Africa-Press – Eritrea. The world’s richest man, Elon Musk.More than two decades after his turbulent exit from PayPal, tech billionaire Elon Musk is once again stepping into the payments arena—this time with a product that analysts say could challenge the very empire he helped create.
At the center of this shift is X Money, a planned digital wallet embedded within Musk’s social media platform, X.
The service, still in beta, is designed to integrate payments, messaging, and commerce into a single interface—mirroring the “super app” model popularised in Asia.
According to Mizuho financial analyst Dan Dolev, the platform has the “potential to disrupt U.S. payments,” a view that accompanied his recent downgrade of PayPal stock after two years of bullish sentiment.
The disruption thesis rests largely on scale and integration.
X is estimated to have between 500 million and 600 million monthly active users globally, according to Statista.
That reach significantly exceeds the roughly 100 million active accounts on PayPal’s peer-to-peer platform, Venmo.
Analysts argue that even modest adoption of X Money among existing users could translate into a sizable payments network almost overnight.
Unlike standalone payment apps, X Money is being built into a broader ecosystem.
Musk’s ambition to transform X into an “everything app” means payments would not operate in isolation but as part of a continuous user experience—embedded in conversations, content, and commerce.

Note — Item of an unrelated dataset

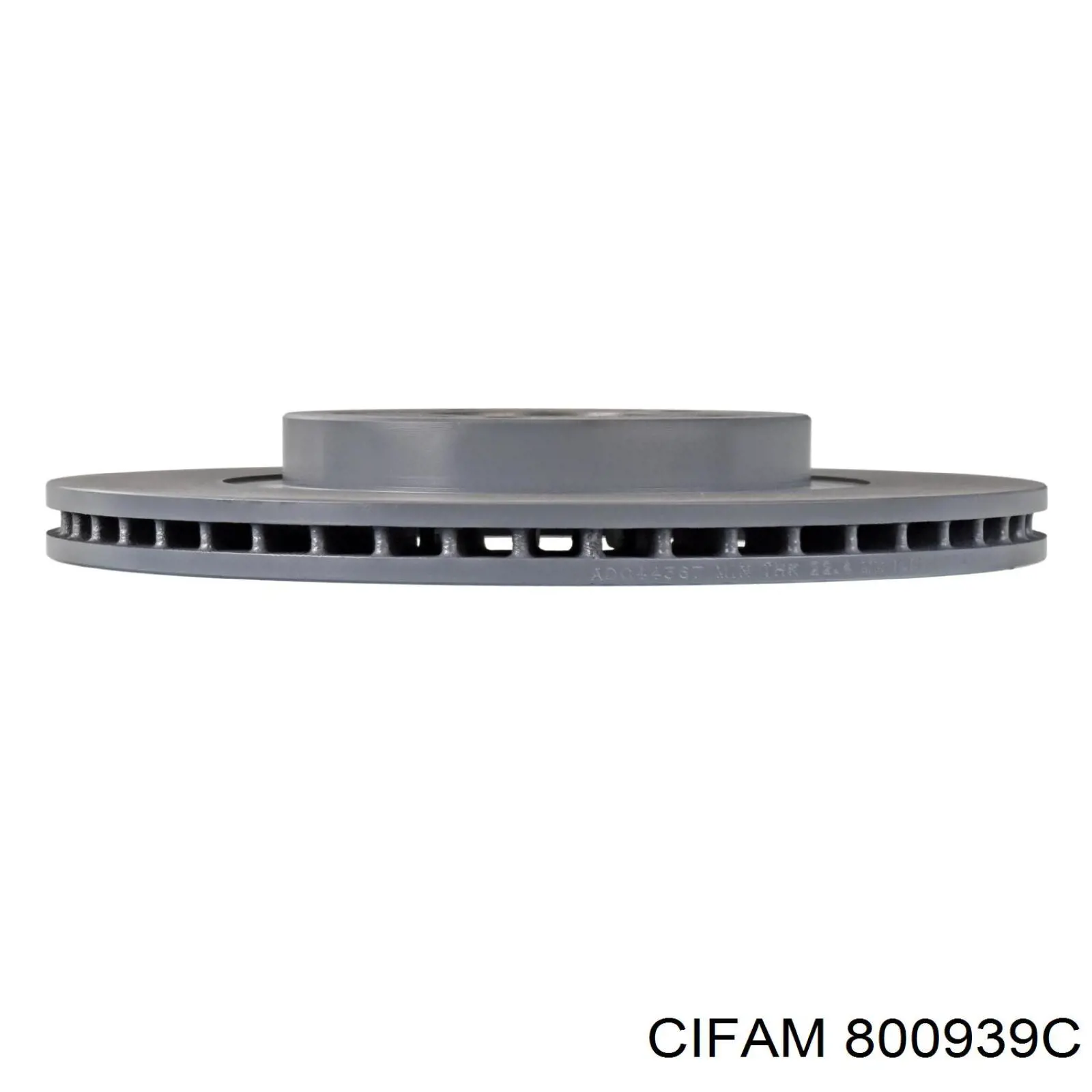 Диск переднього гальма Cifam 800939C ціна, від 43.03 USD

“The playbook seems clear,” Dolev noted in a client report, pointing to models such as China’s WeChat Pay and Alipay, where communication and financial transactions coexist seamlessly.
If successful, this approach could turn social engagement into direct transaction flow, bypassing traditional checkout processes that companies like PayPal rely on.

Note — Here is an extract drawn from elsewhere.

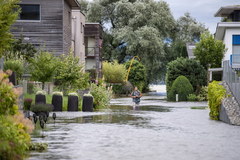 Powódź w Stansstad w Szwajcarii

That shift poses a direct threat to PayPal’s core business, particularly its branded checkout service, which remains a major driver of revenue.
“Musk has a broader reach than PayPal and Venmo, the payments apps that offer a social experience,” noted Dolev.
By enabling in-app purchases and peer-to-peer transfers, he notes X Money could divert transaction volume away from external payment gateways.
Analysts warn that this could erode PayPal’s “crown jewel” segment, especially as the company already faces slowing growth.
X Money is also using aggressive incentives to attract users.
Early beta participants report features such as deposit accounts offering up to 6% annual percentage yield—well above typical U.S. savings rates—alongside cashback rewards and integrated financial services like payroll deposits and transfers.
Musk’s re-entry into fintech is not without historical resonance.
In 1999, he co-founded X.com, an early online banking venture that later merged with Confinity to form PayPal.
Though he was eventually ousted as CEO, the company went on to dominate digital payments.
Now, with X Money, Musk appears poised to revisit that space with a more expansive vision—one that leverages social media scale to reshape how users interact with money.
While analysts caution that any impact on PayPal is unlikely to be immediate, the long-term implications are harder to ignore.
If X succeeds in converting its vast user base into active financial participants, it could redefine digital payments—and challenge the dominance of a company Musk once helped build.